* _Information provided_
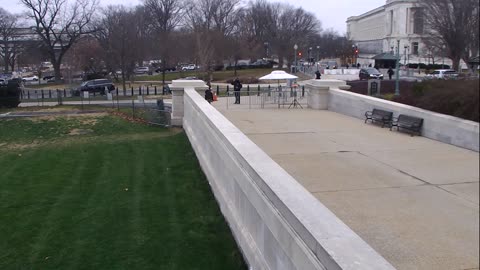 0930USCG00UpperTerraceNE_2021-01-06_09h01min38s000ms.mp4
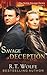 [Savage Deception (The Nickie Savage Series, Book 1)] [Author: Wolfe, R.T.] [January, 2014]
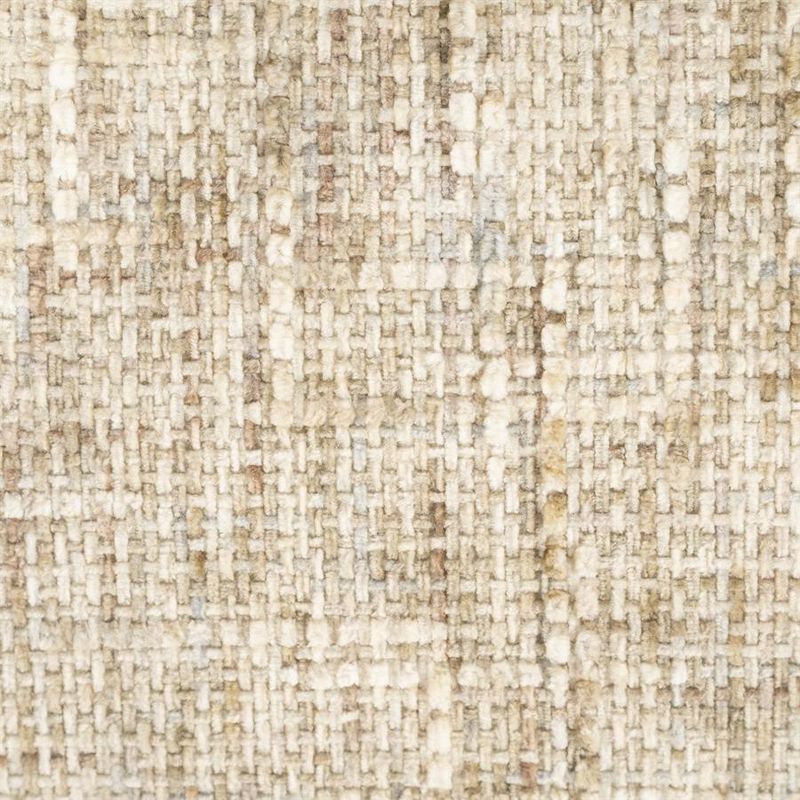 By Boo Ferre Matstol - Beige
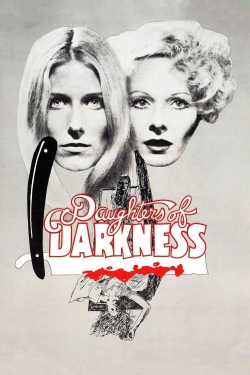 Daughters of Darkness-fmovies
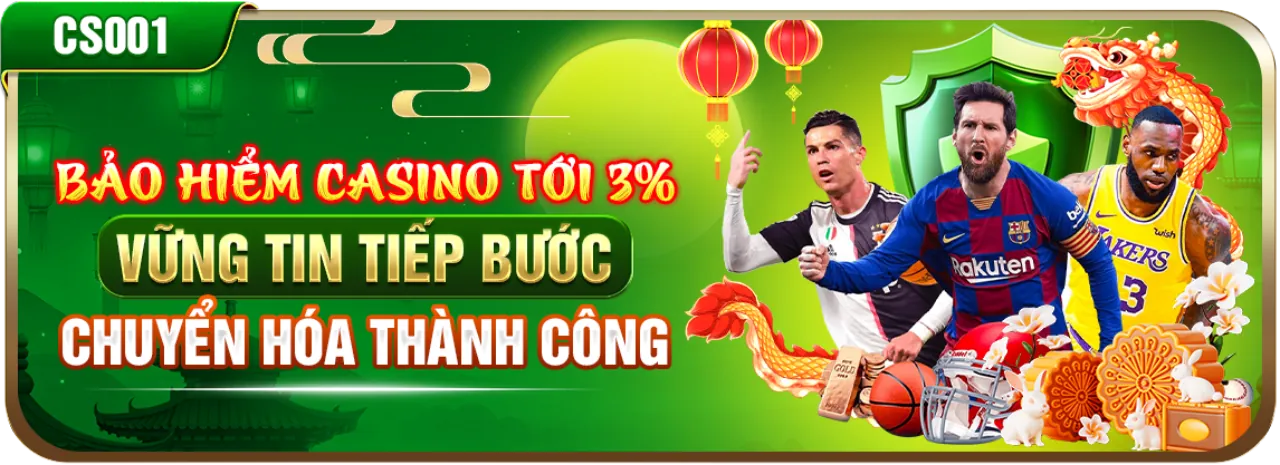 Hướng dẫn sử dụng 789win91 code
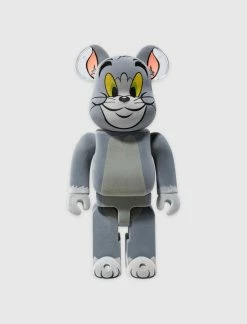 Medicom TOM FLOCKY 1000% BE@RBRICK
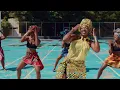 Download Lagu Liloca - Utani Xuva [Official Music Video]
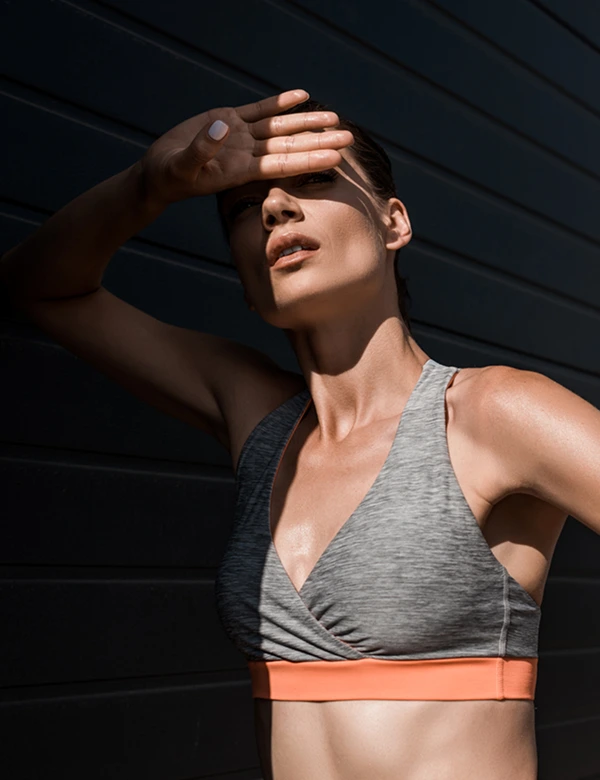 Cirurgia Bariátrica Laparoscópica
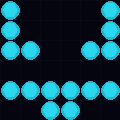 23.166.211.203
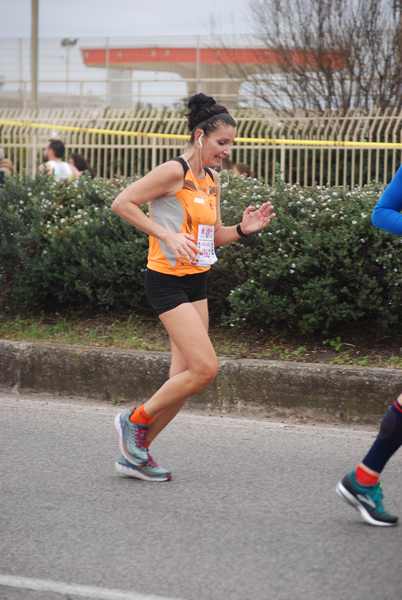 Roma Ostia Half Marathon [TOP] (10/03/2019) 00007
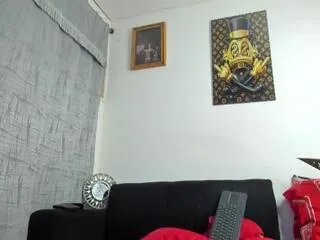 Offline andrew_benz on Flirt4Free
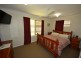 11 Labanka Cres, Gracemere QLD 4702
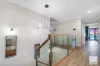 8 Saltbush Street, Redland Bay, Qld 4165-Image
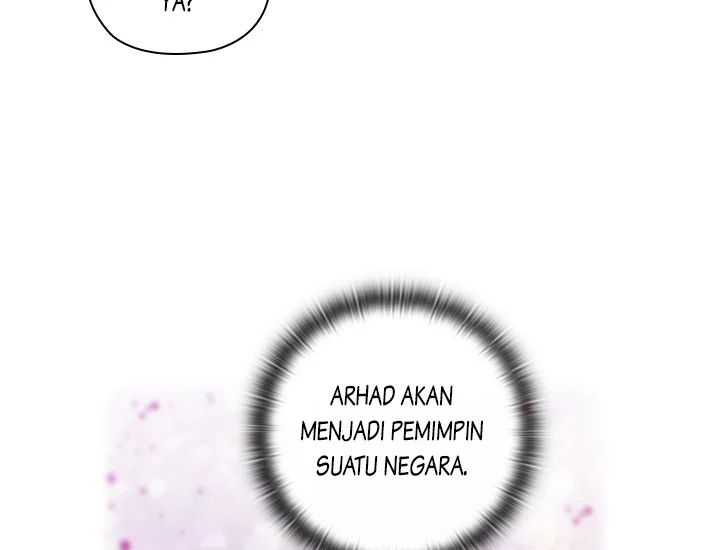 Halaman 15 dari 149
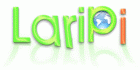 Лого на ЛАРИПИ EООД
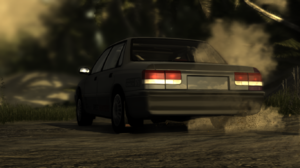 screenshot_00060.png
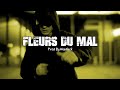 Free fleurs du mal  instrumental rap oldschool  piano mlancolique  freestyle boom bap beat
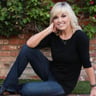 Debbie Theriault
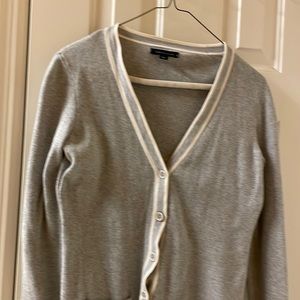 Tommy Hilfiger Cardigan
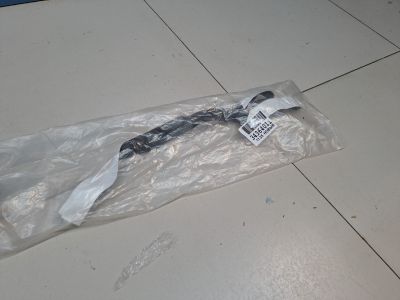 наклейка двери задней правой для KIA Cerato 2009-2013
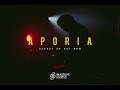 Aporia ep trailer teaser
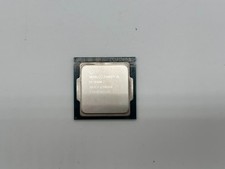 Intel Core i5-6400 SR2L7 2.7GHz 4-Core LGA 1151 CPU PROCESSOR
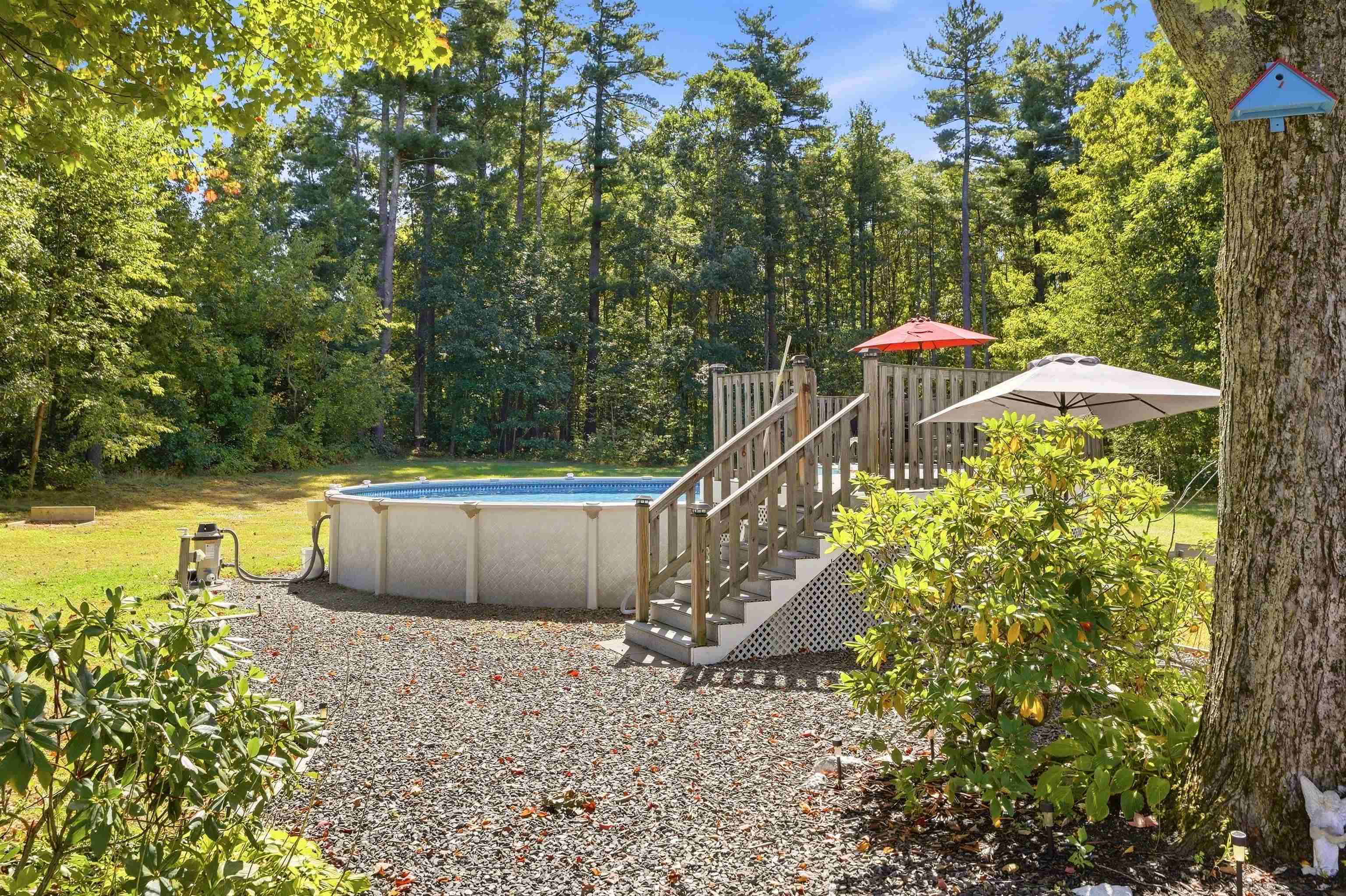 144 Blackwater Road Property Photo 36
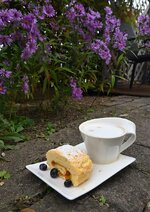 Kaffee-1210.jpg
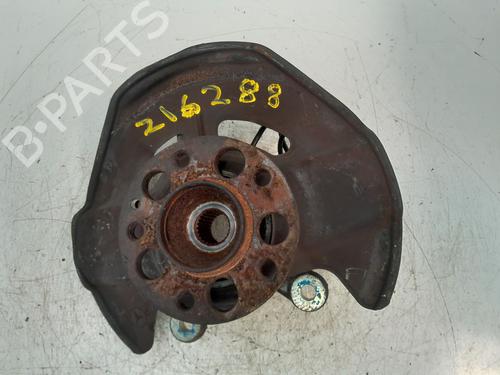 right-front-steering-knuckle-mercedes-benz-a-class-w169-2004-2005-2006-2007-2008-2009-2010-2011-2012-39188460 main image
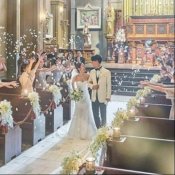 ≪150万特典≫卒花人気★ドレス試着×フォト体験×スイーツ試食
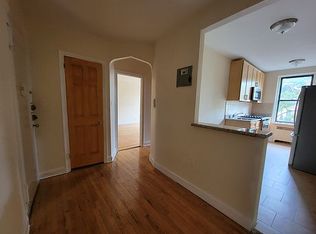 1010 Dorchester Rd #5F, Brooklyn, NY 11218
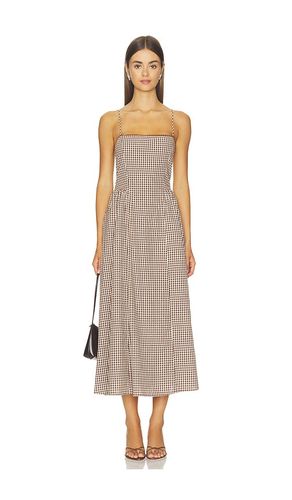 KLEID ADIRA in . Größe S. Also in XL - Elodie the Label - Modalova
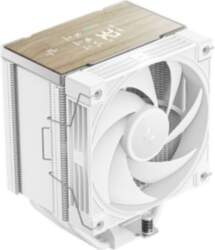 Deepcool Industries Deepcool AK700 DIGITAL WH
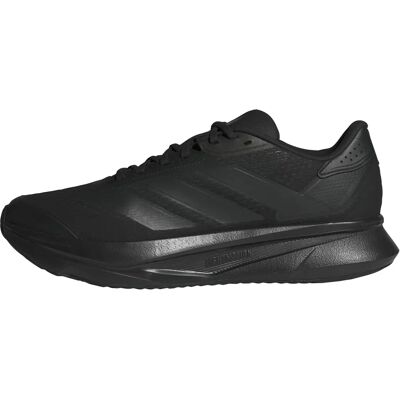 adidas Duramo SL 2 Løpesko - Herre - Svart adidas Duramo SL 2 Løpesko - Herre - Svart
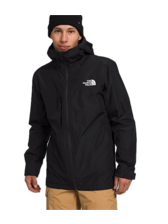 The North Face Men's ThermoBall Eco Snow Tri Jacket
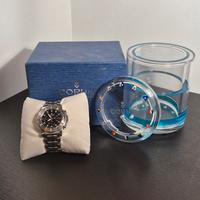 Corum Admiral's Cup ref.28563020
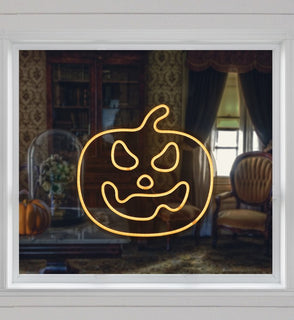 Product Image: 35252115 Holiday/Halloween/Halloween Indoor Decor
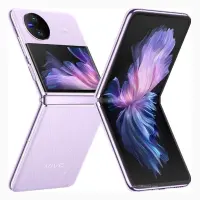 Vivo X Flip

* _What is required_
Retyping is limited to the line with "KLEID ADIRA in" and the lines after it in the material above; give them exactly and leave out the pictures.

* _Exercise solution_
 KLEID ADIRA in . Größe S. Also in XL - Elodie the Label - Modalova
 Deepcool Industries Deepcool AK700 DIGITAL WH
 adidas Duramo SL 2 Løpesko - Herre - Svart adidas Duramo SL 2 Løpesko - Herre - Svart
 The North Face Men's ThermoBall Eco Snow Tri Jacket
 Corum Admiral's Cup ref.28563020
 Product Image: 35252115 Holiday/Halloween/Halloween Indoor Decor
 Vivo X Flip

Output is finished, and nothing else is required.